Bâtiment : crise ouverte, cap introuvable
Ministres qui défilent, budget en suspens, arbitrages repoussés : en pleine crise du logement, le bâtiment démarre l’automne dans le brouillard. Auditionné au Sénat, le président de la Fédération française du bâtiment, Olivier Salleron, a dressé un tableau sombre : activité en recul, emplois détruits, rénovation au point mort… et aucune visibilité à l’horizon.

© Capture vidéo Sénat/ Audition d'Olivier Salleron, président de la Fédération française du bâtiment
Pour le secteur du bâtiment, la rentrée 2025 a comme un triste parfum de déjà-vu. Comme l’an dernier, cet automne s’ouvre sur une instabilité politique persistante. "À l’approche de l’examen du prochain budget, notre pays est de nouveau plongé dans la plus grande incertitude", déclare Dominique Estrosi-Sassonne, présidente de la commission des affaires économiques du Sénat, ce mercredi 8 octobre. "Or, chacun le sait ici, la relance de la construction et la lutte contre la crise du logement exigent des réformes fiscales, structurantes, et obligent à des choix budgétaires." Ce jour-là, la commission auditionne Olivier Salleron. "Je vais connaître, je crois, mon huitième ou neuvième ministre du Logement en cinq ans et demi", a ironisé le président de la Fédération française du bâtiment (FFB). Une instabilité et une absence de vision à long terme d’autant plus problématiques que le bâtiment est un secteur exigeant le temps long, où la concrétisation d'un projet peut prendre quatre à cinq ans.
Les chiffres témoignent de la gravité de la situation. Le secteur prévoit une baisse d'activité de 3,4% en volume pour 2025. Le président de la FFB a alerté sur les conséquences en termes d'emploi, indiquant que 65.000 salariés avaient déjà perdu leur emploi.

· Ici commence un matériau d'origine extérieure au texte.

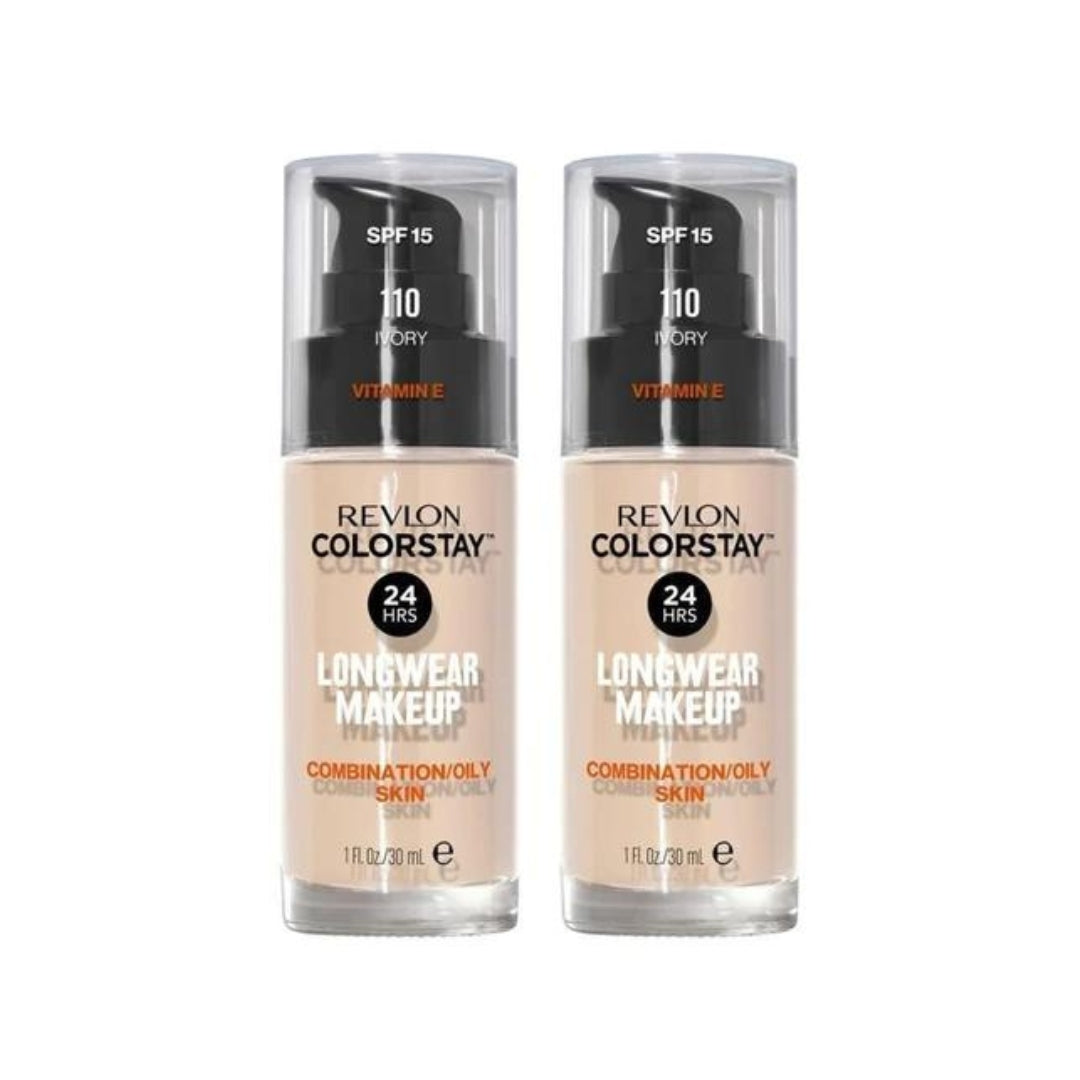 2 x Revlon ColorStay Makeup for Combination/Oily Skin 30mL - 110 Ivory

Olivier Salleron prévoit une perte cumulée qui pourrait atteindre 120.000 à 130.000 équivalents temps plein d'ici 2026. Unique point positif : malgré le contexte, le BTP aurait battu un record l'an dernier en accueillant plus de 100.000 apprentis, prouvant l'attractivité des métiers.

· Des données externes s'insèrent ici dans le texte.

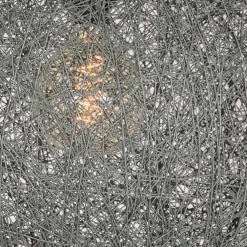 Wohnen Kugel Hängelampe aus Flachsgewebe in Grau - Gioja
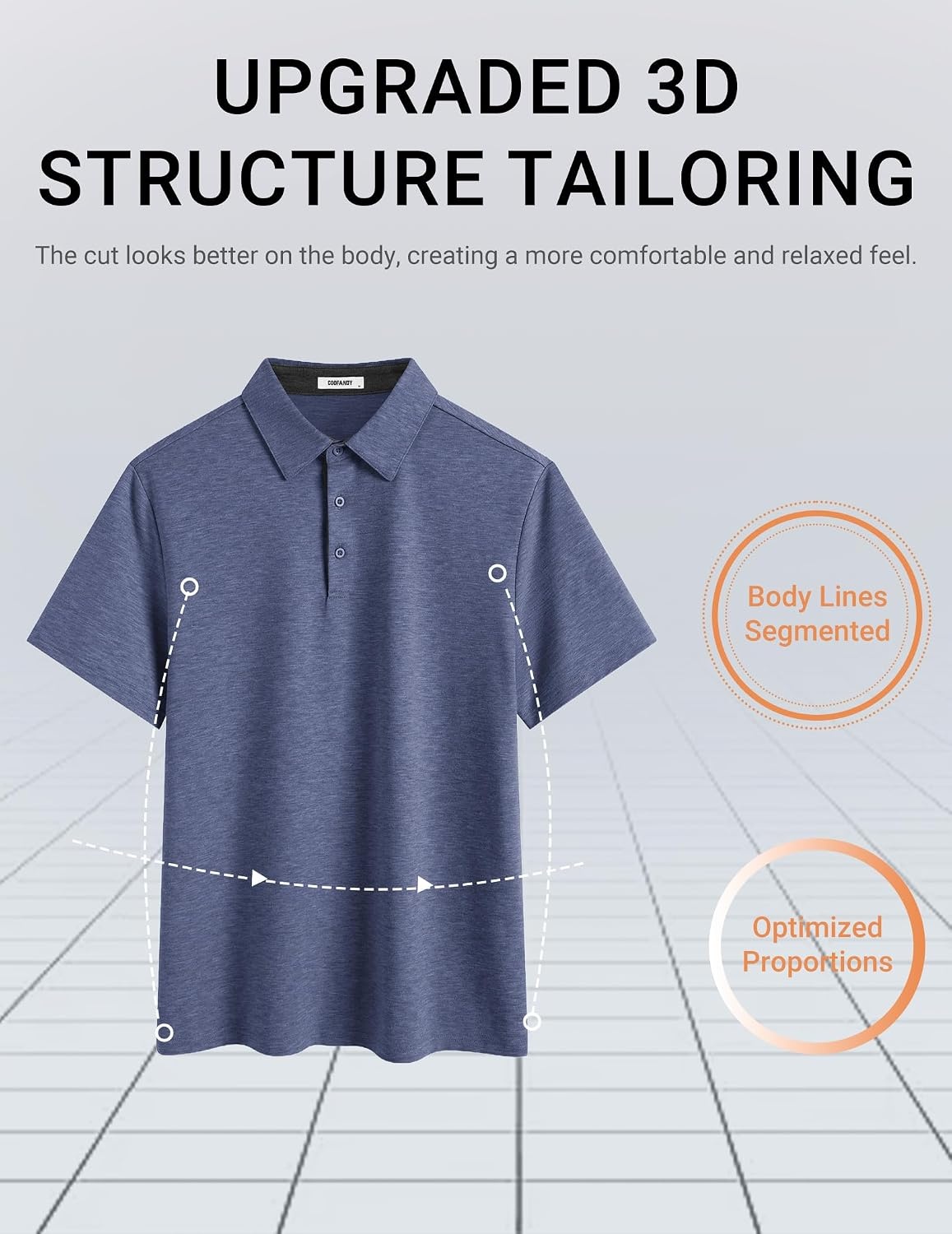 image:imageCOOFANDY Mens Polo Shirts Short Sleeve Casual Summer Polo Tee Classic Collared Golf Stylish TopsNavy Bluenew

Le PTZ donne des ailes aux ménages
Sur le front du logement neuf, la FFB dénonce une chute historique de 60% de la construction depuis 2023. Un espoir est cependant apparu pour la maison individuelle, avec une "hausse de 40% des ventes depuis janvier 2025", un dynamisme attribué notamment à l'élargissement du prêt à taux zéro (PTZ) à la maison individuelle. "Ce fameux PTZ que vous avez voté - et je vous en remercie ! - sur l'ensemble du territoire et pour la maison individuelle a redonné l'envie, l'espoir et la possibilité de contracter des prêts, même à nos concitoyens modestes", a affirmé Olivier Salleron.
À l'inverse, le logement collectif et l'investissement locatif s’écroulent suite à l'épuisement du dispositif Pinel. Pour relancer la production locative, le président de la FFB a fortement soutenu la création d’un statut du bailleur privé (lire notre article) : "Sans incitation, il n’y a pas de solution", a-t-il estimé, partageant semble-t-il le point de vue Pascal Boulanger, président de la Fédération des promoteurs immobiliers, quelques semaines plus tôt (lire notre article).
La rénovation énergétique, un échec cuisant
Si l'amélioration-entretien représente 55% de l'activité du bâtiment, le marché de la rénovation énergétique est frappé de plein fouet par la politique de "stop and go". Olivier Salleron a fait part de son désarroi face aux réformes successives de MaPrimeRénov (MPR), accusant le gouvernement de jouer avec la réglementation pour des raisons budgétaires : "Je rencontre des parlementaires, des ministres qui me disent que MaPrimeRénov’ est une vraie usine à gaz, qu’ils n’y comprennent rien et qu’il faut arrêter ça. C'est voulu par Bercy pour dépenser moins !", a-t-il affirmé.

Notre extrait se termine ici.